• Brief
The entries below contain a line with "Cartier 18k Yellow" and a line with "Classic Striped Collared Pullover Shirt". Retype exactly everything from the first down to the second, both included, and nothing else.

• Material provided
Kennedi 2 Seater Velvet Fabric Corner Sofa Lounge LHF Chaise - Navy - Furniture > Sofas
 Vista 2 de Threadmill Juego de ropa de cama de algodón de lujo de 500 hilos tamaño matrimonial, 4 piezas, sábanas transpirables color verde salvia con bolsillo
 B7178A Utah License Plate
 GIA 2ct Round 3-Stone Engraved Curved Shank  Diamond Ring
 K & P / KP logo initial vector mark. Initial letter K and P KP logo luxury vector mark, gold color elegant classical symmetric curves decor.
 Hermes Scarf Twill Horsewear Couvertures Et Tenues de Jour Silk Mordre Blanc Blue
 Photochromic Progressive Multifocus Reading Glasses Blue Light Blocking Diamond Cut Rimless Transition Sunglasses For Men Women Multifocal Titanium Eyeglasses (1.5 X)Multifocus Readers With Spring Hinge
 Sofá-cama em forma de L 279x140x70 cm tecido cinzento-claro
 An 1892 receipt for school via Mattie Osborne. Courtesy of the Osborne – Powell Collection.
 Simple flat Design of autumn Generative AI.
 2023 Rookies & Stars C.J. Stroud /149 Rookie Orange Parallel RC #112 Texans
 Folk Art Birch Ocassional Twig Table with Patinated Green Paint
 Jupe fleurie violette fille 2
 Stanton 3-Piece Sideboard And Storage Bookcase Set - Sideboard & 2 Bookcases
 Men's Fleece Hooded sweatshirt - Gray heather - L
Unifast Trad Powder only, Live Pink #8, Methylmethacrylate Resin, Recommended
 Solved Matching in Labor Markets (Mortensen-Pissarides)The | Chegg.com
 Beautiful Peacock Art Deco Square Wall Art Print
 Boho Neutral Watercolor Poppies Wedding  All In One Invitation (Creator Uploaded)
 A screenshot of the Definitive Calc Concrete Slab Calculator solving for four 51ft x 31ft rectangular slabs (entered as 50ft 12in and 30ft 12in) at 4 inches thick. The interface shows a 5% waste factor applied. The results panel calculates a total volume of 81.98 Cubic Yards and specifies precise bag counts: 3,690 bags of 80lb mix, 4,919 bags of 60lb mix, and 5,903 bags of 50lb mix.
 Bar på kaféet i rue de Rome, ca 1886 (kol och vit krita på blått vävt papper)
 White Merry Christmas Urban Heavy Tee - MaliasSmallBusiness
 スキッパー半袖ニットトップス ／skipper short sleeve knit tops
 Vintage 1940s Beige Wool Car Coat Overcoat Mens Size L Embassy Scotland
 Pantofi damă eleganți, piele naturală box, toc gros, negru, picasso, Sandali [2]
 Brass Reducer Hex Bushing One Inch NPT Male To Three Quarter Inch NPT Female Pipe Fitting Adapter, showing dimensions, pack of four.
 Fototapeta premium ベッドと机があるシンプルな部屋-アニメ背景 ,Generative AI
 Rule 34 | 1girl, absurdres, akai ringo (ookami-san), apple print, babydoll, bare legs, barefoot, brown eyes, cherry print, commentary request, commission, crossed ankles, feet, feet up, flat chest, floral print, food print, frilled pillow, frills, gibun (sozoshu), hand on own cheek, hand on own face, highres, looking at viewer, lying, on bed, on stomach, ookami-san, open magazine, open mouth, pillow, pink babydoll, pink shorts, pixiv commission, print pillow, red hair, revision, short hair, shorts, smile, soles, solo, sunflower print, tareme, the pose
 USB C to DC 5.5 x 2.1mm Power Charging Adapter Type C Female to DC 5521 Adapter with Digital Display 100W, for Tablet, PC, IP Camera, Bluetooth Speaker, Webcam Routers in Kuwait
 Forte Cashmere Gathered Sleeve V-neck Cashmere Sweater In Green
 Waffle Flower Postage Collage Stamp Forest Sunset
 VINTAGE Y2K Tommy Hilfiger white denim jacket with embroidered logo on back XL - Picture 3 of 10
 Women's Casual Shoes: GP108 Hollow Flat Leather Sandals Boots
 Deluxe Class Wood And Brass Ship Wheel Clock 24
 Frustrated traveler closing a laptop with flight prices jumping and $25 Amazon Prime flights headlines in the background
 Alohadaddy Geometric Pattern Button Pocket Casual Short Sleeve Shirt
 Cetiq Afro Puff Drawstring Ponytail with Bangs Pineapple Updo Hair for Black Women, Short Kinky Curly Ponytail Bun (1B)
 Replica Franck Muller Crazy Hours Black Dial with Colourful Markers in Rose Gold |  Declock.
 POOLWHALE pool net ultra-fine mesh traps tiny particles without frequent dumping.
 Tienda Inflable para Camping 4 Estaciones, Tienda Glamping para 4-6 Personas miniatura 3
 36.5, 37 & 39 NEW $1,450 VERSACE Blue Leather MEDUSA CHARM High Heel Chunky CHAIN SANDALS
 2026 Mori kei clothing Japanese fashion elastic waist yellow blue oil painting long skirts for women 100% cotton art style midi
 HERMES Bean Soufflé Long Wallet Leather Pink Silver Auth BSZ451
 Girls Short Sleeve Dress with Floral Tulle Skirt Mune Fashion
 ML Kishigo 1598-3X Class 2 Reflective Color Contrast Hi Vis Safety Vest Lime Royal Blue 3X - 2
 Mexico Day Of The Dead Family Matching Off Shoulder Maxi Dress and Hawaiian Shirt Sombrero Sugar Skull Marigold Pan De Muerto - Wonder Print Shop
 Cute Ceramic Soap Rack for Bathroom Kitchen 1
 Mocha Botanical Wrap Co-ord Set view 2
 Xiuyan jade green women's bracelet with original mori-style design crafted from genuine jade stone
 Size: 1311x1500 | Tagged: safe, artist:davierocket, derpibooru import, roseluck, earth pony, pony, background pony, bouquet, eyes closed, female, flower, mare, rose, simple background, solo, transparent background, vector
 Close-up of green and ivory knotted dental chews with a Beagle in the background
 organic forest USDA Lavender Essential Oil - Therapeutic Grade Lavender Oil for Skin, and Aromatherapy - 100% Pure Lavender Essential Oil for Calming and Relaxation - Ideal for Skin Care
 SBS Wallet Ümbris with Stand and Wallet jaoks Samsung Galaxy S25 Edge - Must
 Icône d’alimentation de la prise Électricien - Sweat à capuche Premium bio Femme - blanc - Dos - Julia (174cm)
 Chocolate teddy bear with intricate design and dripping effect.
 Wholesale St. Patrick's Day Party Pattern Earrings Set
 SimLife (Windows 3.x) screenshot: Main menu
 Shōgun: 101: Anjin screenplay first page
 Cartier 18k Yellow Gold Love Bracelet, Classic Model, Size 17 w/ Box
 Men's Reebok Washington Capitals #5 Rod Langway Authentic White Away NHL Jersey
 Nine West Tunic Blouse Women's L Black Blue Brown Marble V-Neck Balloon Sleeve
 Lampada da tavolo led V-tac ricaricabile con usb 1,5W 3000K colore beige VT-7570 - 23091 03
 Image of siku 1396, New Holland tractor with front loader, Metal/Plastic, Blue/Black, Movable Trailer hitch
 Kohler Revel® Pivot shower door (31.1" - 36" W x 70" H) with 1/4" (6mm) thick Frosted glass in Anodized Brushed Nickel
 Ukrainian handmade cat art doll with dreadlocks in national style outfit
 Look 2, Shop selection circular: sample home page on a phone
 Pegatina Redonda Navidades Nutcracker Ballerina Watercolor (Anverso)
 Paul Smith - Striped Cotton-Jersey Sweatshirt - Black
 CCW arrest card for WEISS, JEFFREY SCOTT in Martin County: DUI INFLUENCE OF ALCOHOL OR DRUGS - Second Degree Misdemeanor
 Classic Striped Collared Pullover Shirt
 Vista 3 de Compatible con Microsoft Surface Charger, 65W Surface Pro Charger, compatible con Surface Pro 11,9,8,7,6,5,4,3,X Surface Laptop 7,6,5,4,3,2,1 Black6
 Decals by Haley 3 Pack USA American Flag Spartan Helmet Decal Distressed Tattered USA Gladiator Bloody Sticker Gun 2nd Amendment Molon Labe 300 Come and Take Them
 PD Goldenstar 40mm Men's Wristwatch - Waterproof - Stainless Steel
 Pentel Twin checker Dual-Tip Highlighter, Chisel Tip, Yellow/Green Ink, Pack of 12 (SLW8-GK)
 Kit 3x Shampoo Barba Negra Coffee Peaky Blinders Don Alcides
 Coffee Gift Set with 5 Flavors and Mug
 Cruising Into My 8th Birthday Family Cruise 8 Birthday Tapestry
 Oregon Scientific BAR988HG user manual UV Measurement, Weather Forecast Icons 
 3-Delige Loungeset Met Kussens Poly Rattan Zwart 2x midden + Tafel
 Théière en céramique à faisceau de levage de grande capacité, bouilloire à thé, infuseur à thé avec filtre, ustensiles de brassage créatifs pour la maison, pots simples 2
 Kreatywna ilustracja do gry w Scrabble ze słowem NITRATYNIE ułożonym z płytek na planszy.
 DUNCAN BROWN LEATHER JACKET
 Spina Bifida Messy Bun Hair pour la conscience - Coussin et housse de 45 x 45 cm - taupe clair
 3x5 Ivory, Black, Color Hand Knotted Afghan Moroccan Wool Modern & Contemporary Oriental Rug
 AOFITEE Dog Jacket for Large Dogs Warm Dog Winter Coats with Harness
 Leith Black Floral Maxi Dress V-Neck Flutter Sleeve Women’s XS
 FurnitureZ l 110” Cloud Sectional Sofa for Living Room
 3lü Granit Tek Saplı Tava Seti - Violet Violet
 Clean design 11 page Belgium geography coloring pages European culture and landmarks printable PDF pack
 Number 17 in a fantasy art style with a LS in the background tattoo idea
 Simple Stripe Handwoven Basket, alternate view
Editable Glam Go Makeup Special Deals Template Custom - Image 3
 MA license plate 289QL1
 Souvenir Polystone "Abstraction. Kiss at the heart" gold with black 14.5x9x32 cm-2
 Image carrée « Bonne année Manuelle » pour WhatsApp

• Solution for this problem
 Cartier 18k Yellow Gold Love Bracelet, Classic Model, Size 17 w/ Box
 Men's Reebok Washington Capitals #5 Rod Langway Authentic White Away NHL Jersey
 Nine West Tunic Blouse Women's L Black Blue Brown Marble V-Neck Balloon Sleeve
 Lampada da tavolo led V-tac ricaricabile con usb 1,5W 3000K colore beige VT-7570 - 23091 03
 Image of siku 1396, New Holland tractor with front loader, Metal/Plastic, Blue/Black, Movable Trailer hitch
 Kohler Revel® Pivot shower door (31.1" - 36" W x 70" H) with 1/4" (6mm) thick Frosted glass in Anodized Brushed Nickel
 Ukrainian handmade cat art doll with dreadlocks in national style outfit
 Look 2, Shop selection circular: sample home page on a phone
 Pegatina Redonda Navidades Nutcracker Ballerina Watercolor (Anverso)
 Paul Smith - Striped Cotton-Jersey Sweatshirt - Black
 CCW arrest card for WEISS, JEFFREY SCOTT in Martin County: DUI INFLUENCE OF ALCOHOL OR DRUGS - Second Degree Misdemeanor
 Classic Striped Collared Pullover Shirt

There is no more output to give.